Handling back to back domains
Suppose that two blocks have the same custom domain. When these blocks are connected, they should keep the buffers on the device, and avoid any DMA-type actions for the flow between the two blocks.
Much like the above case, the block overloads getInputBufferManager() and getOutputBufferManager(). However, the overloaded function sees that the domain passed into the call is the same as its own. In this case, the block can choose to abdicate allocating a buffer manager to use the one from the other block, or set custom parameters on the manager to avoid the DMA.
- See the OpenCL kernel for an example.
Back to back handled externally
Suppose that two blocks have completely external processing between them, and we dont want to manage any overhead in between the blocks at runtime. To handle this, we dont even need to pass around buffers, the buffer managers can be complete dummies. The producer block in this case shouldnt really bother producing. The consumer block in this case should just use work to wait on operations to complete. Also, the domain information passed into the getInputBufferManager() and getOutputBufferManager() overloads can be used to directly determine the topology of the processing within the offload board.

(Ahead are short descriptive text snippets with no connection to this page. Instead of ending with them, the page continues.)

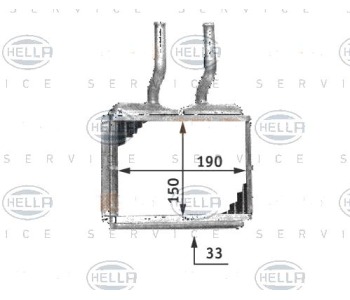 Топлообменник HELLA за OPEL CORSA B (S93) товарен от 1999 до 2000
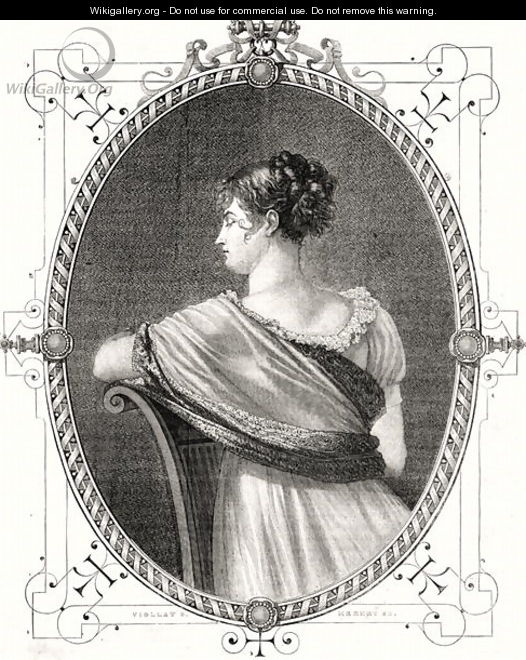 Portrait of Madame Recamier 1777-1849 engraved by Antoine Auguste Ernest Hebert 1817-1908 - (after) Viollat, Eugene Joseph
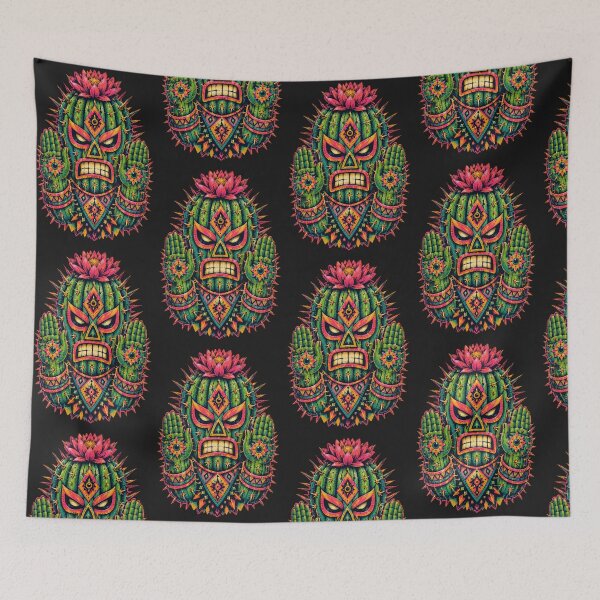 Item preview, Desert Cactus Warrior – Neon Screen Print Mask Art designed and sold by Motel Mirage.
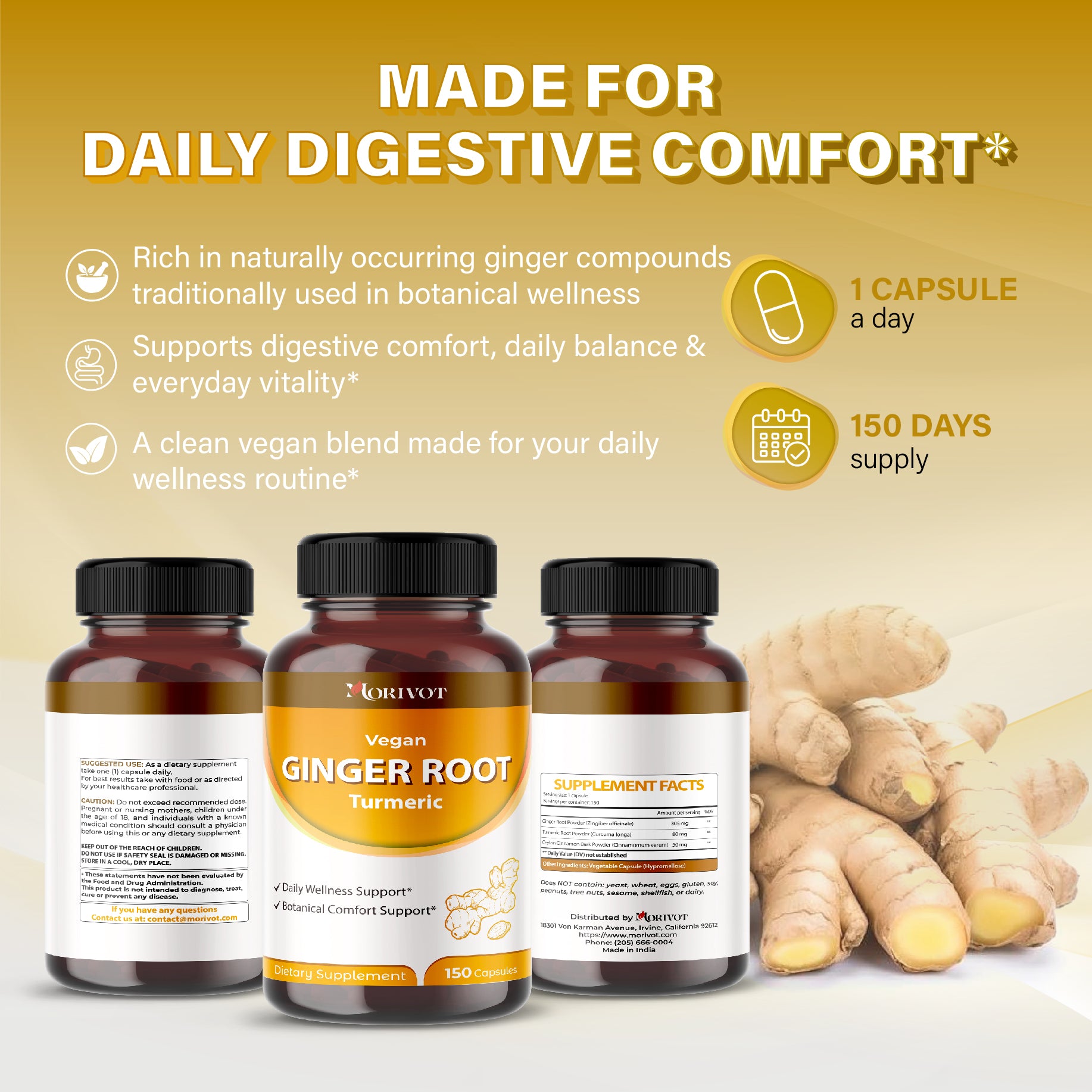 MORIVOT Ginger Root Turmeric Supplement - 150 Capsules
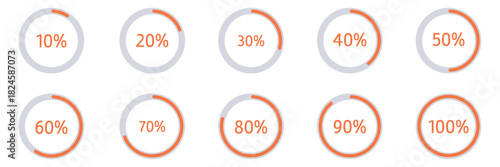 Percentage circle set. Loading indicator set. Circle loading or circle progress with percentage collection.  Set of circle percentage diagrams for infographics 10 20 30 40 50 60 70 80 90 100 percent.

Handling incompatible domains
Suppose two blocks have different memory domains, or more specifically, one of the overloaded calls throws because it cant handle the domain, or requires a custom buffer manager. In this case, the topology must insert a copy block into the stream.
Handling shared memory devices
The shared memory case isnt really any different than the DMA case. Although the memory doesnt need to move, we can use the same hooks to commit and release the memory, and to wait on the device to complete processing.

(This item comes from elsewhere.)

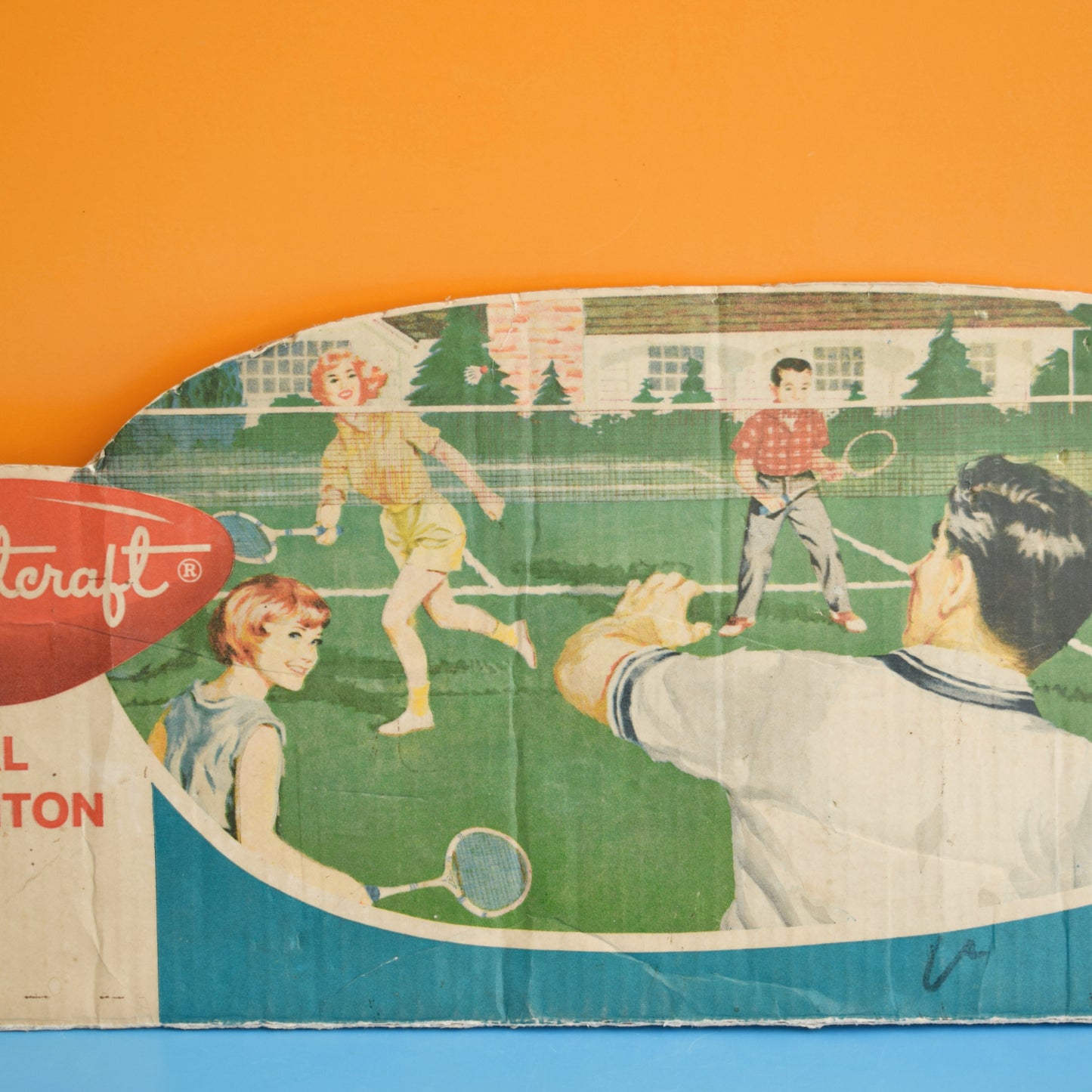 Vintage 1950s Cardboard Badminton Game Sign / Packaging by Pineapple Retro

Handling doubly mapped buffers
Certain blocks like filters that don't consume all of the input that they have read work more efficiently using doubly(or circularly) mapped buffers. Thats because circular buffers avoid discontinuities, and therefore avoid requiring memory copies. In this case, the block should overload the get buffer manager call and return a circular buffer. A factory for circular buffers is provided by the API.

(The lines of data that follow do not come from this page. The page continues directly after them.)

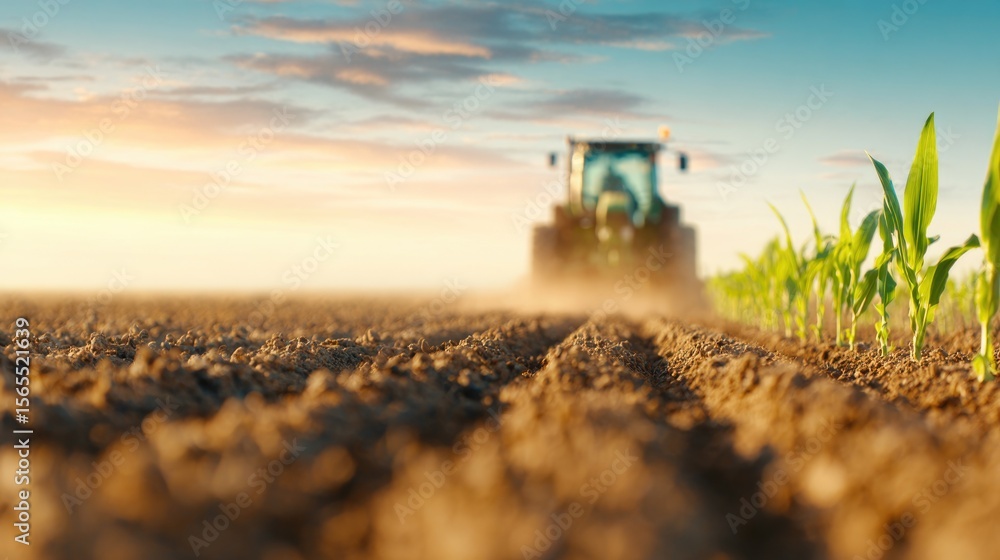 Fototapeta premium Tractor in dry cornfield at sunrise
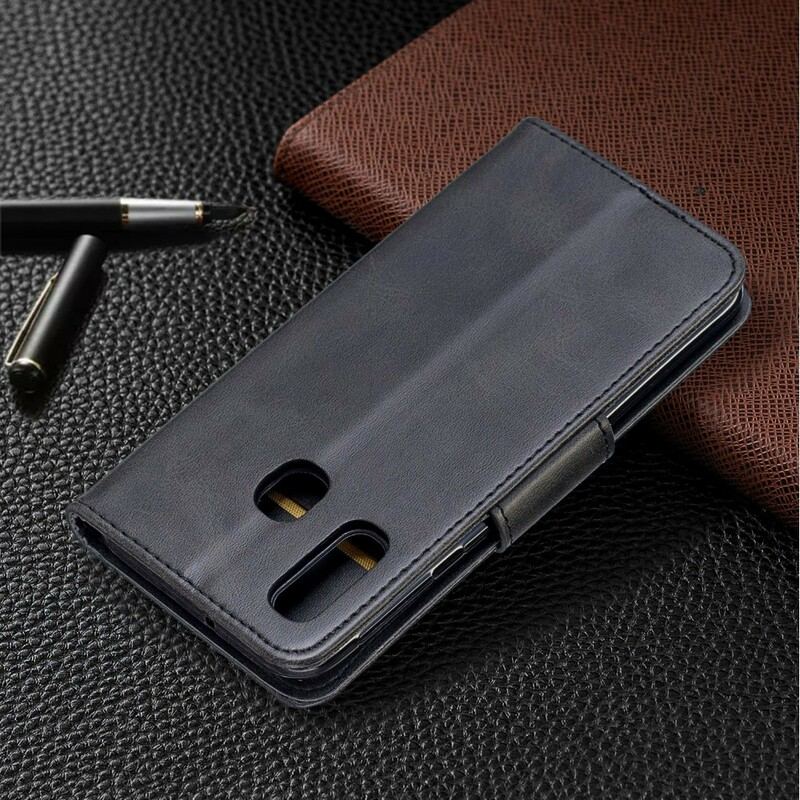 Capa Flip Para Samsung Galaxy A40 De Couro Retalho Liso Oblíquo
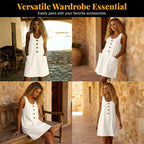 Women's sleeveless cotton linen dress by Arenzza featuring a solid color U-neck design, lightweight and breezy for summer wear.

The buffer accumlator tracks the buffers coming in and amalgamates the managed buffers when they are continuous. The logic also supports shifting the buffer's alias point to avoid discontinuities near the buffer's edge.
Arbitrary topology cases
You can easily imagine more complicated topologies that combine all of the above with multiple producers to a consumer, and multiple consumers to a producer. In these cases, the goal of the Topology implementation is to determine which cases are acceptable by inspecting the blocks, and which cases need to be addressed by inserting copy blocks into the stream.
There is definity more work to be done with this logic, because there are currently cases that are getting copy blocks that could, given the right information, be handled in a better way.